New Approach Relates Spacetime Crystals to Traditional Geometry

Focused on crystal structures, a researcher from the Pennsylvania State University (Penn State) has designed a novel mathematical formula that might solve an ancient issue in interpreting spacetime—the foundation of the universe suggested in Albert Einstein’s theories of relativity.

A diagram showing the process of creating “renormalized blended spacetime.” Penn State scientist Venkatraman Gopalan is studying crystal structures and has developed a new mathematical formula that may solve a decades-old problem in understanding spacetime, the fabric of the universe proposed in Einstein’s theories of relativity. Image Credit: Hari Padmanabhan, Penn State.

Relativity tells us space and time can mix to form a single entity called spacetime, which is four-dimensional: three space-axes and one time-axis. However, something about the time-axis sticks out like sore thumb.

Venkatraman Gopalan, Professor of Materials Science and Engineering and Physics, Pennsylvania State University

To make sure that calculations work within relativity, researchers would first need to introduce a negative sign on time values, which does not have to be placed on space values. While physicists have understood the concept to work with the negative values, it also implies that spacetime cannot be tackled with conventional Euclidean geometry but instead should be visualized using the more intricate hyperbolic geometry.

Gopalan has devised a two-step mathematical strategy that helps blur the variations between time and space, thus eliminating the problem of the negative sign and acting as a bridge between both geometries.

For more than 100 years, there has been an effort to put space and time on the same footing. But that has really not happened because of this minus sign. This research removes that problem at least in special relativity. Space and time are truly on the same footing in this work.

Venkatraman Gopalan, Professor of Materials Science and Engineering and Physics, Pennsylvania State University

Recently published in the Acta Crystallographica A journal on May 27th, 2021, the article is accompanied by a commentary where a couple of physicists have cited that Gopalan’s mathematical approach may provide the solution to combine gravity and quantum mechanics—two fundamental areas of physics that have not been completely unified yet.

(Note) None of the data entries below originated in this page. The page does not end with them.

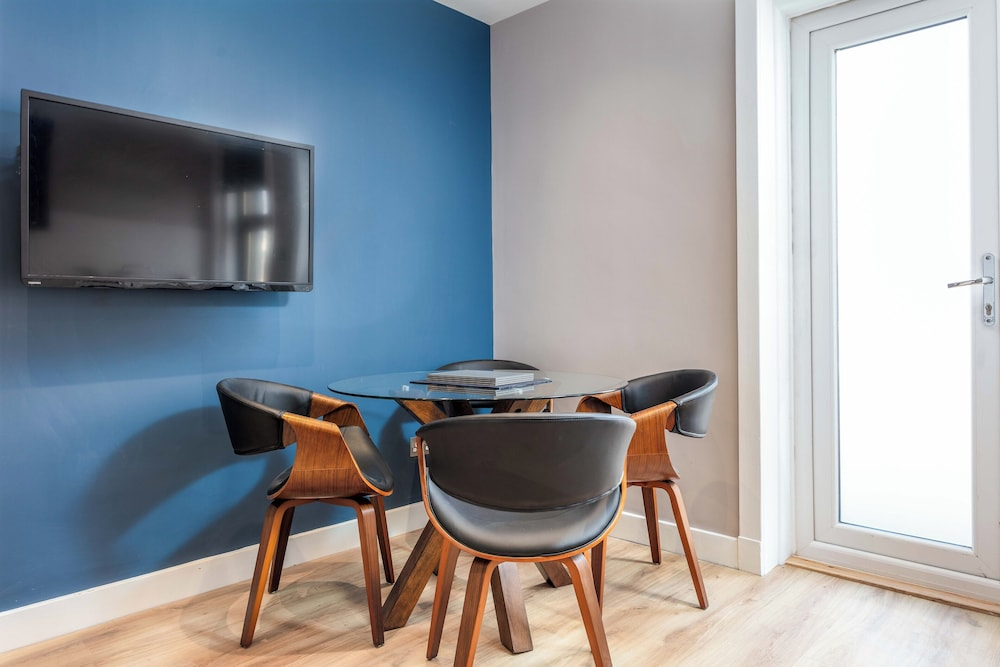No8 Peebles Retreat - Donnini Apartments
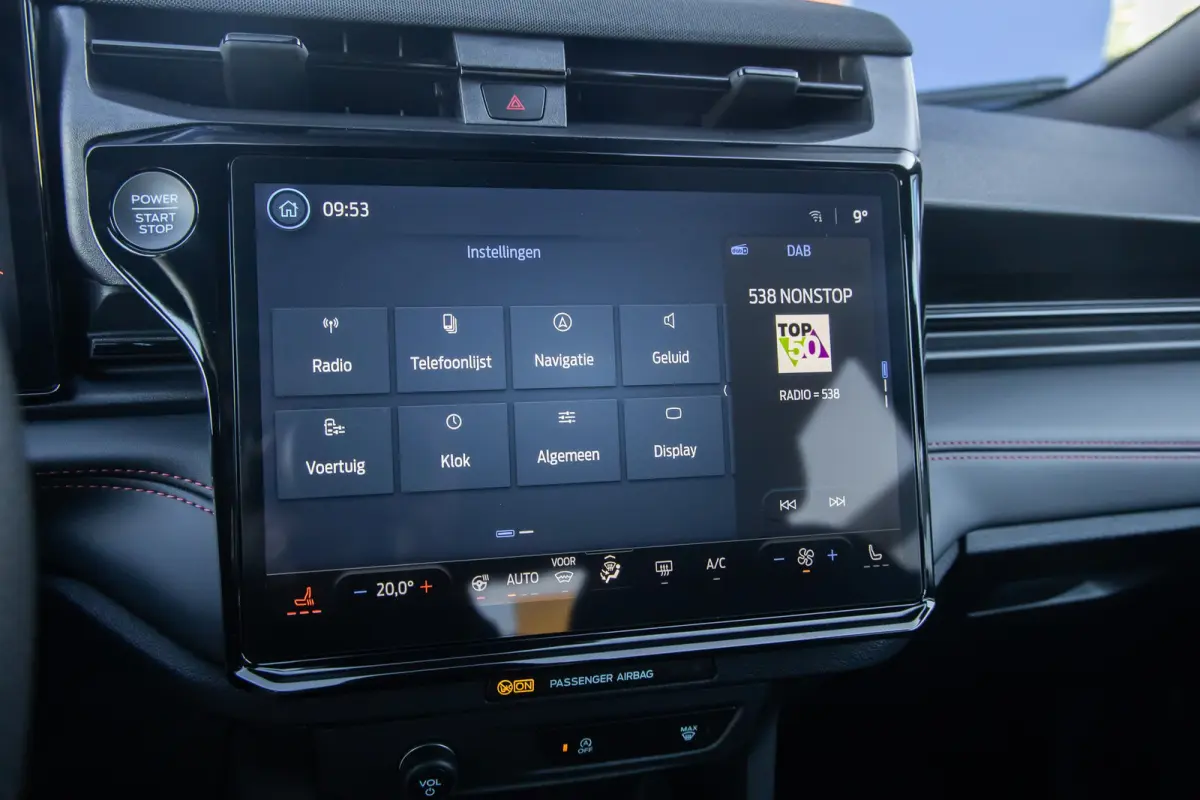 1.0 EcoBoost ST-Line | Stoel/stuur/voorruit verwarming | Camera | Apple Carplay/Android Auto | Elektrisch bedienbare achterklep | Digitaal dashboard | | Achteruitrijcamera | Apple Carplay/An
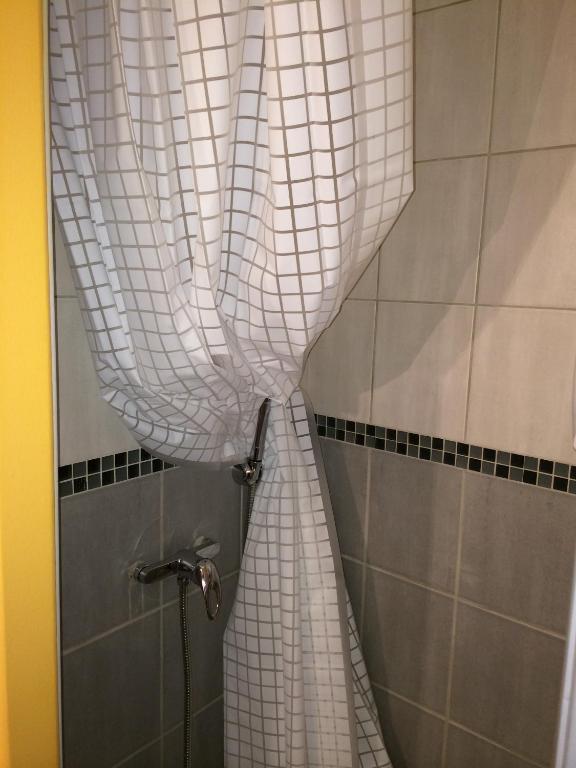 Hotel Le Fecamp Болбек Стая снимка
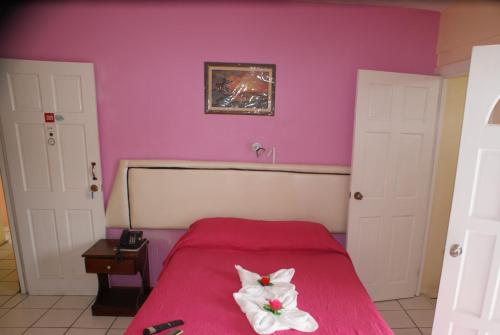 Guestroom, Stephanie's Apartments Ltd. in Gros Islet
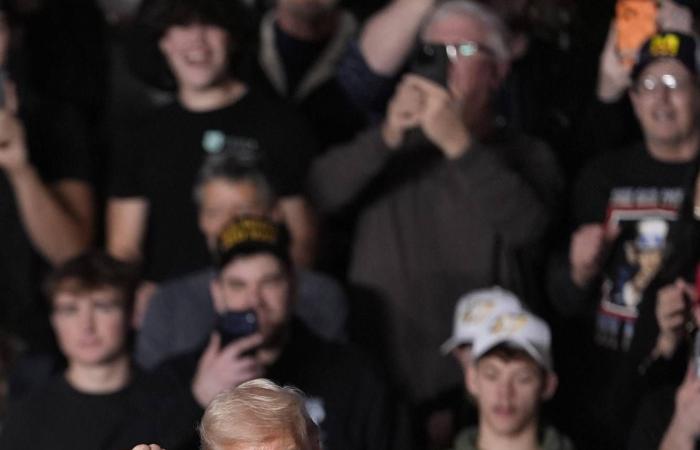 موفد
      ترمب
      في
      مينيابوليس
      يعلن
      سحب
      700
      من
      شرطة
      الهجرة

Gopalan’s idea of general relativistic spacetime crystals and how to obtain them is both powerful and broad. This research, in part, presents a new approach to a problem in physics that has remained unresolved for decades,” stated Martin Bojowald, Professor of Physics from Penn State.

Apart from offering a whole new method to relate spacetime to conventional geometry, the new study holds implications for designing novel structures with unusual properties, called spacetime crystals.

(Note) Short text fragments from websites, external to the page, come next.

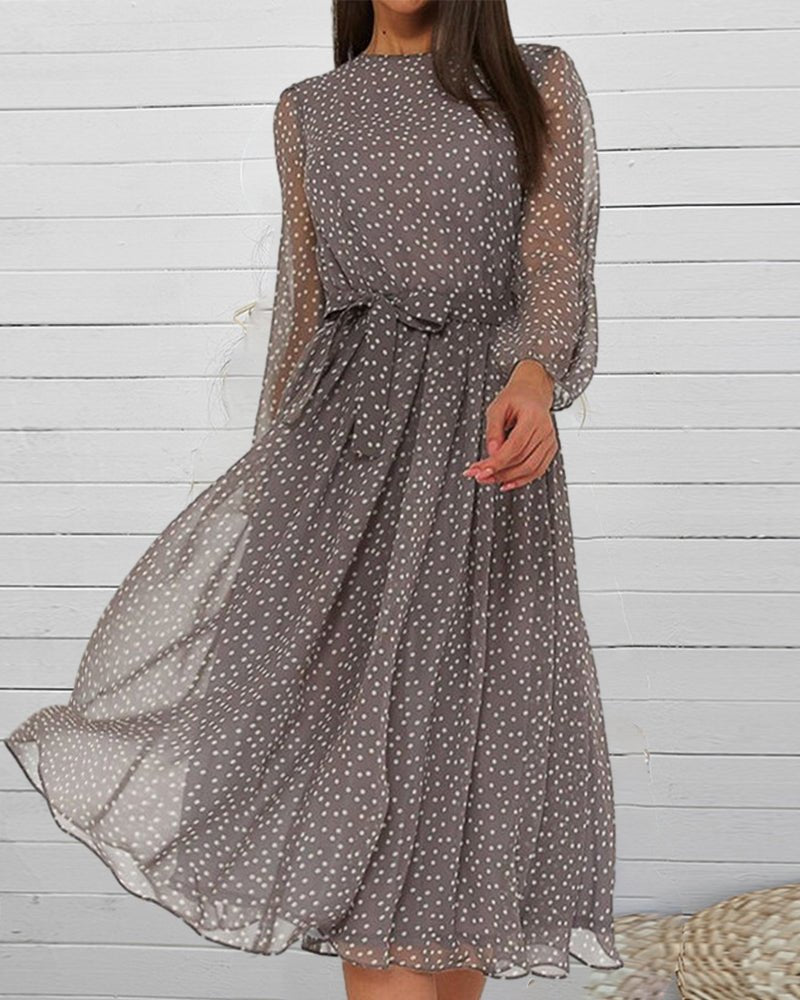 Elegancka sukienka damska w groszki z długim rękawem - Faye Front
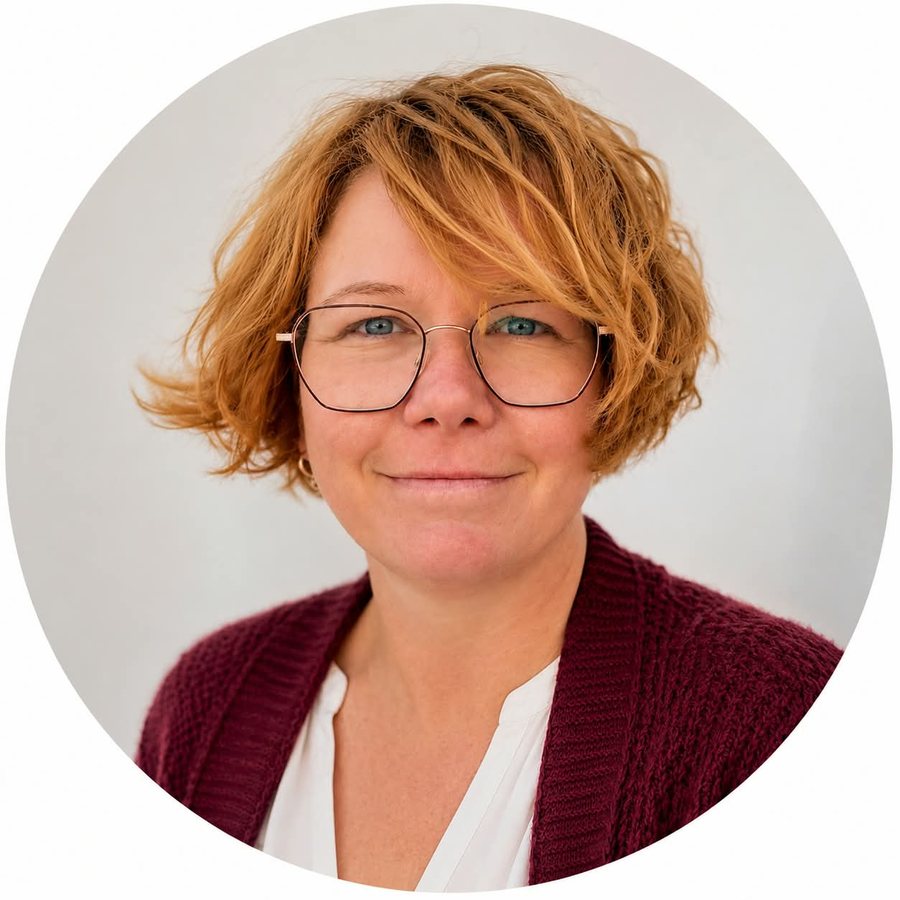 Ein Portraitfoto von Desiree. Das Bild zeigt die Gründerin von AHA-FASD.
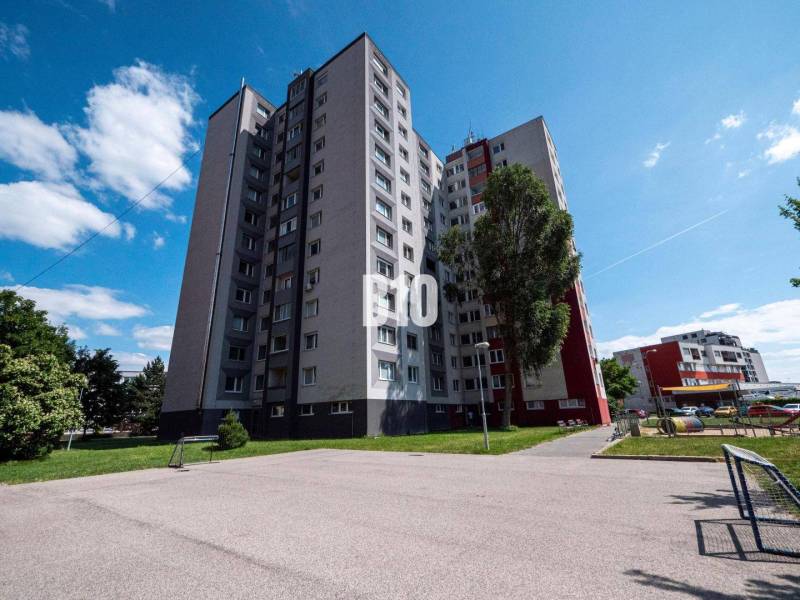 Predaj 3-izbového bytu, Andrusovova, Andrusovova, Bratislava V - Bytový dom v Bratislave na Andrusovovej ulici s okolím a ihriskom.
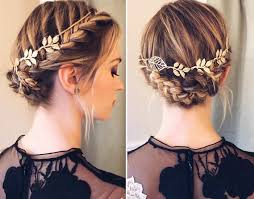 These looks are right for women of all ages and are easy to style and maintain on a normal budget and trips to the. 7 Easy Hairstyles For Medium Hair For Party Makeupandbeauty Com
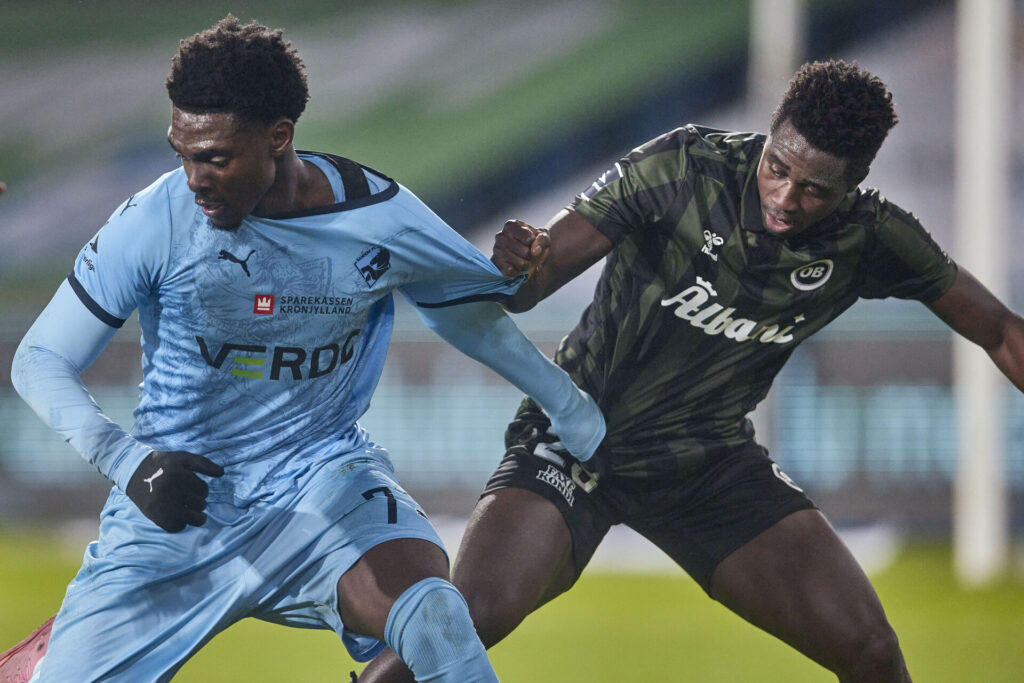 Mohamed Touré i duel med OB-spilleren James Gomez.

In crystals, atoms are arranged in a repeated pattern, and in the recent past, scientists have investigated the theory of time crystals, where the state of a material alters and also repeats in time, similar to a dance.

But time is delinked from space in such formulations. Gopalan’s approach would help explore a new set of spacetime crystals in which time and space can combine together.

These possibilities could usher in an entirely new class of metamaterials with exotic properties otherwise not available in nature, besides understanding the fundamental attributes of a number of dynamical systems.

Avadh Saxena, Physicist, Los Alamos National Laboratory

The technique devised by Gopalan involves combining a couple of individual observations of the same event. Blending takes place when a couple of observers exchange time coordinates but still maintain their own space coordinates. With renormalization—an extra mathematical step—this results in “renormalized blended spacetime.”

Let’s say I am on the ground and you are flying on the space station, and we both observe an event like a comet fly by. You make your measurement of when and where you saw it, and I make mine of the same event, and then we compare notes. I then adopt your time measurement as my own, but I retain my original space measurement of the comet,” added Gopalan.

You in turn adopt my time measurement as your own, but retain your own space measurement of the comet. From a mathematical point of view, if we do this blending of our measurements, the annoying minus sign goes away,” concluded Gopalan.

The study was funded by the National Science Foundation.

Journal Reference:

Gopalan, V (2021) Relativistic spacetime crystals. Acta Crystallographica A. doi.org/10.1107/S2053273321003259.